• **EXERCISE DIRECTIONS**: A verbatim transcript of the lines below, starting at the first and ending with the one that holds "From Colombo to", is what should be produced.

[Entries taken from a collection]
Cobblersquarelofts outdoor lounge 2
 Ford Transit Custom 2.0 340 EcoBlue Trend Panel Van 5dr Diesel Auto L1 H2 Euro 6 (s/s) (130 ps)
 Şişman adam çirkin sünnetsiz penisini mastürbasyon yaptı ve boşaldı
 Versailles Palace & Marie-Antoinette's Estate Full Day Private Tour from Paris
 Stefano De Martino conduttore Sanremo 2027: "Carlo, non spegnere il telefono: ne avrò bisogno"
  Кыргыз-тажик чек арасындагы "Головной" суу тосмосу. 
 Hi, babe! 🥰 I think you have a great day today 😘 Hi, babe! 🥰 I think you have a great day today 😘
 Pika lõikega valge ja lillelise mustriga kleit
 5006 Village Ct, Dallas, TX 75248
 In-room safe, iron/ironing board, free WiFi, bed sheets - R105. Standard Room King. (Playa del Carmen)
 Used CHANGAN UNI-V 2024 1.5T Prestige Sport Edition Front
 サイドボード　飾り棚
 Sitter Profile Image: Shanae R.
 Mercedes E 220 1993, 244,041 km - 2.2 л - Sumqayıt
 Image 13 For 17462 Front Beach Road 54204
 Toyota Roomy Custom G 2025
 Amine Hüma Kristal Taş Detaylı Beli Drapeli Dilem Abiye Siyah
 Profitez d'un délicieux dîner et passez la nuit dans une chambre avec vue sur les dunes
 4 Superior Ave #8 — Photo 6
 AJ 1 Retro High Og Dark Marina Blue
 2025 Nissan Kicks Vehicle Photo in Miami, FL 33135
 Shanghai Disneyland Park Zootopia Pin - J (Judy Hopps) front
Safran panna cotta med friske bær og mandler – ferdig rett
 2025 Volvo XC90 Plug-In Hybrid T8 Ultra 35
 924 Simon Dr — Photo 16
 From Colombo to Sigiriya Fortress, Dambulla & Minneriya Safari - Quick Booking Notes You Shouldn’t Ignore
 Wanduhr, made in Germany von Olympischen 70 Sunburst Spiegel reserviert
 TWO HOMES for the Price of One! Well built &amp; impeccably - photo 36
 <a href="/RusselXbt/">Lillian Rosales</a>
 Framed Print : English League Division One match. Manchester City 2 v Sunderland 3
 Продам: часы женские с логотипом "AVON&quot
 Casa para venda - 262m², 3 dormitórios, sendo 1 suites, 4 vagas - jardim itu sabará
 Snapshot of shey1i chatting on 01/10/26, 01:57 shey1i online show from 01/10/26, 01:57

• **ANSWER BOX**:
Cobblersquarelofts outdoor lounge 2
 Ford Transit Custom 2.0 340 EcoBlue Trend Panel Van 5dr Diesel Auto L1 H2 Euro 6 (s/s) (130 ps)
 Şişman adam çirkin sünnetsiz penisini mastürbasyon yaptı ve boşaldı
 Versailles Palace & Marie-Antoinette's Estate Full Day Private Tour from Paris
 Stefano De Martino conduttore Sanremo 2027: "Carlo, non spegnere il telefono: ne avrò bisogno"
  Кыргыз-тажик чек арасындагы "Головной" суу тосмосу. 
 Hi, babe! 🥰 I think you have a great day today 😘 Hi, babe! 🥰 I think you have a great day today 😘
 Pika lõikega valge ja lillelise mustriga kleit
 5006 Village Ct, Dallas, TX 75248
 In-room safe, iron/ironing board, free WiFi, bed sheets - R105. Standard Room King. (Playa del Carmen)
 Used CHANGAN UNI-V 2024 1.5T Prestige Sport Edition Front
 サイドボード　飾り棚
 Sitter Profile Image: Shanae R.
 Mercedes E 220 1993, 244,041 km - 2.2 л - Sumqayıt
 Image 13 For 17462 Front Beach Road 54204
 Toyota Roomy Custom G 2025
 Amine Hüma Kristal Taş Detaylı Beli Drapeli Dilem Abiye Siyah
 Profitez d'un délicieux dîner et passez la nuit dans une chambre avec vue sur les dunes
 4 Superior Ave #8 — Photo 6
 AJ 1 Retro High Og Dark Marina Blue
 2025 Nissan Kicks Vehicle Photo in Miami, FL 33135
 Shanghai Disneyland Park Zootopia Pin - J (Judy Hopps) front
Safran panna cotta med friske bær og mandler – ferdig rett
 2025 Volvo XC90 Plug-In Hybrid T8 Ultra 35
 924 Simon Dr — Photo 16
 From Colombo to Sigiriya Fortress, Dambulla & Minneriya Safari - Quick Booking Notes You Shouldn’t Ignore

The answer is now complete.